Whisk flour, baking powder, pumpkin pie spice and salt in a large bowl. Whisk eggs, milk, butter, brown sugar and vanilla in a medium bowl. Make a well in the center of the dry ingredients, add wet ingredients and whisk until combined. Fold in the zucchini and nuts.
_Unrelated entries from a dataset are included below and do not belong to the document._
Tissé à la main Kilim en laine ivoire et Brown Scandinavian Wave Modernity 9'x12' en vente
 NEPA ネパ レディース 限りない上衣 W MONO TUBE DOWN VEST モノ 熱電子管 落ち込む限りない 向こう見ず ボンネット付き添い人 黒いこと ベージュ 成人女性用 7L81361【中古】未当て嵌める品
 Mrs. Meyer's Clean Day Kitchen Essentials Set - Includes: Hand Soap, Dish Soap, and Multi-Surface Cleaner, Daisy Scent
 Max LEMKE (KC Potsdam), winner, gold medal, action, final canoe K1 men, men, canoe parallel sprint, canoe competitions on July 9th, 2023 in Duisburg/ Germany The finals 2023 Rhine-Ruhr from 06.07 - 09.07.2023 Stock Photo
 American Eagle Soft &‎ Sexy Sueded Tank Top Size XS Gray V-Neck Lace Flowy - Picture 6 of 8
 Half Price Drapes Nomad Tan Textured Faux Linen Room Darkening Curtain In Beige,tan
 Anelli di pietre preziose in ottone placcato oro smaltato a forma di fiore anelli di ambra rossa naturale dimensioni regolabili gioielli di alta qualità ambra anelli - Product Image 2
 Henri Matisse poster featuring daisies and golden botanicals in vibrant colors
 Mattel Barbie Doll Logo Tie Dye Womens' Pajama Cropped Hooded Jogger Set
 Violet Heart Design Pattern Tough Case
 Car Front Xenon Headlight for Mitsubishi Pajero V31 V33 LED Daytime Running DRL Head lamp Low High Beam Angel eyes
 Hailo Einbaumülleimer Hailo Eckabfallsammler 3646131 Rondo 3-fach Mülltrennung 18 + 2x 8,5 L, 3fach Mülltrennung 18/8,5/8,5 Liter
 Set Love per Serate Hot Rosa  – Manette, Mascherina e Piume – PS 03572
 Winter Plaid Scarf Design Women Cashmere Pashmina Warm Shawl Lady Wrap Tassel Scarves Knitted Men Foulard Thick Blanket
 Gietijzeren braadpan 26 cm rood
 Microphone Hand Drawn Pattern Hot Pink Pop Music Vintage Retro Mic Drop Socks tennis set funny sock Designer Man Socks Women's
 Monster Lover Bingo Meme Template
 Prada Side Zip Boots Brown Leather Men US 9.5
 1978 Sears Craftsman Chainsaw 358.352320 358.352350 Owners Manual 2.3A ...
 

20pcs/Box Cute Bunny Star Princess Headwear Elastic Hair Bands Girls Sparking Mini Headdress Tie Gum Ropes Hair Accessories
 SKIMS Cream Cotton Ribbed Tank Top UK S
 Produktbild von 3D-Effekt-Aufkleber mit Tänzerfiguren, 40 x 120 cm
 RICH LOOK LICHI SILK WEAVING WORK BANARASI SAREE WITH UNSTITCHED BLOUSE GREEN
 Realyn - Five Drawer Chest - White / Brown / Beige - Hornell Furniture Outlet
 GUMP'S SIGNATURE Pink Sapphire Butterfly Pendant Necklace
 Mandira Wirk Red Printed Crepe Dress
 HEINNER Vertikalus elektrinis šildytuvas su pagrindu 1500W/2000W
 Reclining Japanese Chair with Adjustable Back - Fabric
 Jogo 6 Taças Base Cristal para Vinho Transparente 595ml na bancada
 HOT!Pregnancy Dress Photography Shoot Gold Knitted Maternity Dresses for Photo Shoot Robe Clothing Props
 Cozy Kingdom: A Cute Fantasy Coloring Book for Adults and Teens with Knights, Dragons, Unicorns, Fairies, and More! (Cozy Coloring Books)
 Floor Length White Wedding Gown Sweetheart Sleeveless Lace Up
Coat a large nonstick skillet (or griddle) with cooking spray; heat over medium heat. Cook pancakes in batches, using a scant 1/3 cup batter for each and spreading it to make them about 4 inches wide. Cook until bubbles dot the surface, 1 to 3 minutes. Flip and brown on the other side, 1 to 2 minutes more. Reduce the heat if the pancakes are browning too quickly. Serve hot.
TIPS & NOTES
Toast nuts before using in a recipe for the best flavor. To toast whole nuts, spread on a baking sheet and bake at 350°F, stirring once, until fragrant, 7 to 9 minutes. To toast chopped, small or sliced nuts, cook in a small dry skillet over medium-low heat, stirring constantly, until fragrant and lightly browned, 2 to 4 minutes.
Per serving: 300 calories; 15 g fat (5 g sat, 7 g mono); 89 mg cholesterol; 34 g carbohydrates; 5 g added sugars; 10 g protein; 4 g fiber; 369 mg sodium; 311 mg potassium.
Nutrition Bonus: Iron (28% daily value), Calcium (21% dv).